-- RECORD SET follows --

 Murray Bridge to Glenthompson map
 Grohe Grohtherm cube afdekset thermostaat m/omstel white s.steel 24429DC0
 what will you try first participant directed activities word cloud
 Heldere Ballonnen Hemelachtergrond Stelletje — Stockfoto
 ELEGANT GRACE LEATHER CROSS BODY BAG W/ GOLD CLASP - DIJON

-- RECORD SET concluded --
-- RECORD SET follows --

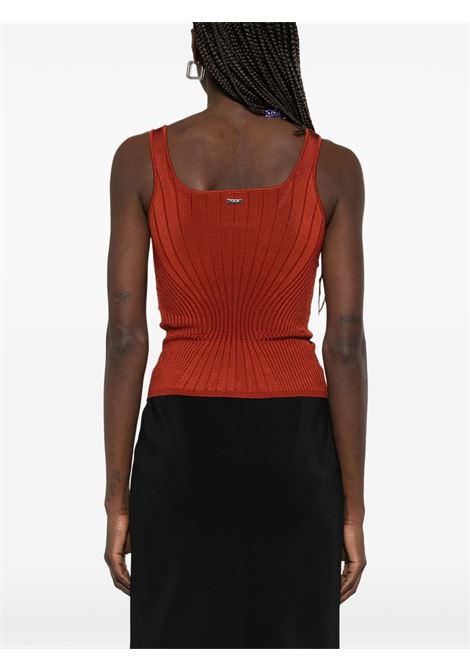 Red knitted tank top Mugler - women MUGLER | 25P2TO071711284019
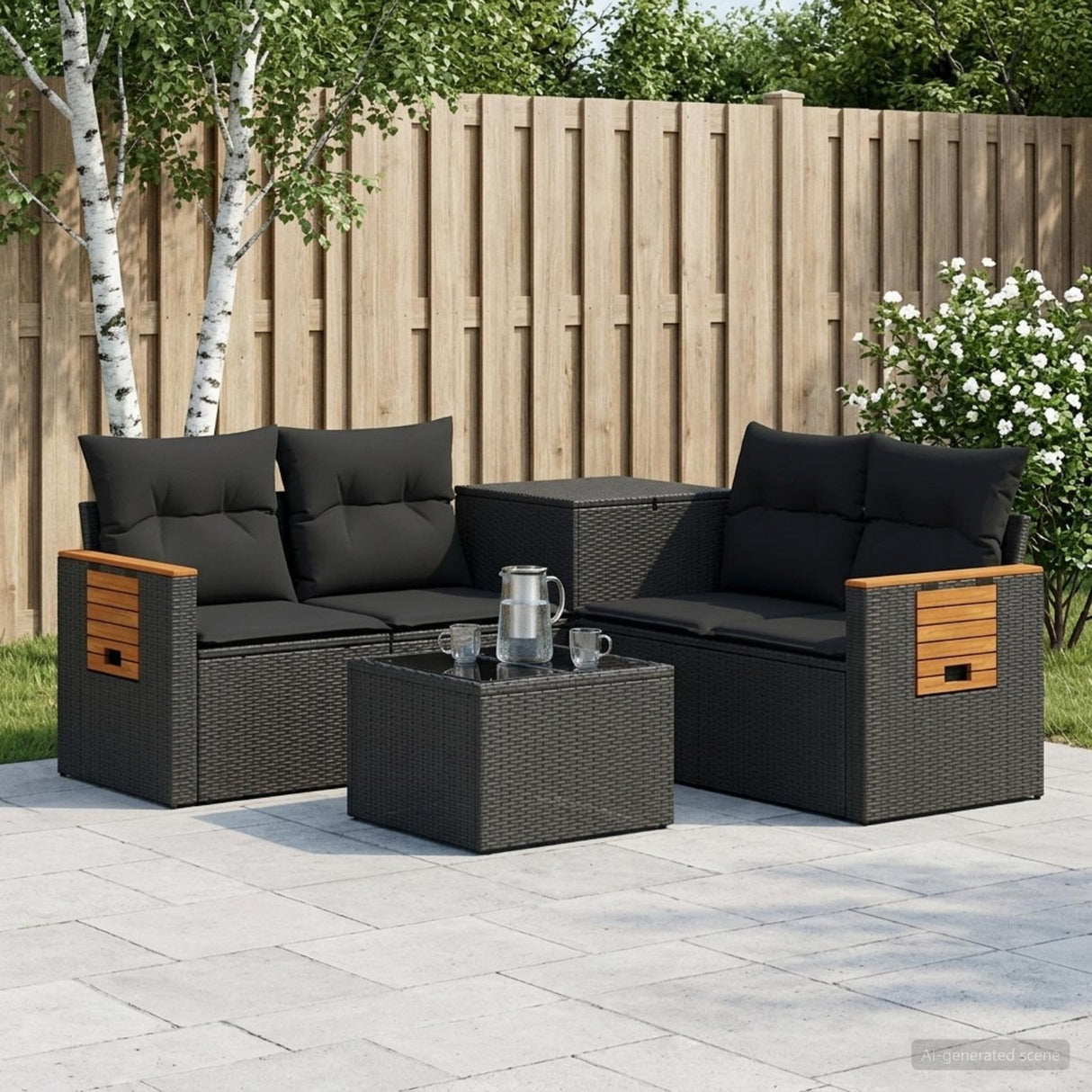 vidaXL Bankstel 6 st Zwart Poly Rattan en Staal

-- RECORD SET concluded --
-- RECORD SET follows --

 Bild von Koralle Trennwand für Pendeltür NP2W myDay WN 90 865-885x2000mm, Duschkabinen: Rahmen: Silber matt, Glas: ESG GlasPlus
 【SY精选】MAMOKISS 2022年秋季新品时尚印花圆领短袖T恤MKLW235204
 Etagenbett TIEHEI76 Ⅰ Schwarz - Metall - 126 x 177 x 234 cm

-- RECORD SET concluded --

* WORK REQUEST:
Print exactly the lines of the listing above starting at the line containing "Bild von Koralle" and ending at the line containing "Etagenbett TIEHEI76 Ⅰ", both included.

* EXERCISE RESPONSE:
 Bild von Koralle Trennwand für Pendeltür NP2W myDay WN 90 865-885x2000mm, Duschkabinen: Rahmen: Silber matt, Glas: ESG GlasPlus
 【SY精选】MAMOKISS 2022年秋季新品时尚印花圆领短袖T恤MKLW235204
 Etagenbett TIEHEI76 Ⅰ Schwarz - Metall - 126 x 177 x 234 cm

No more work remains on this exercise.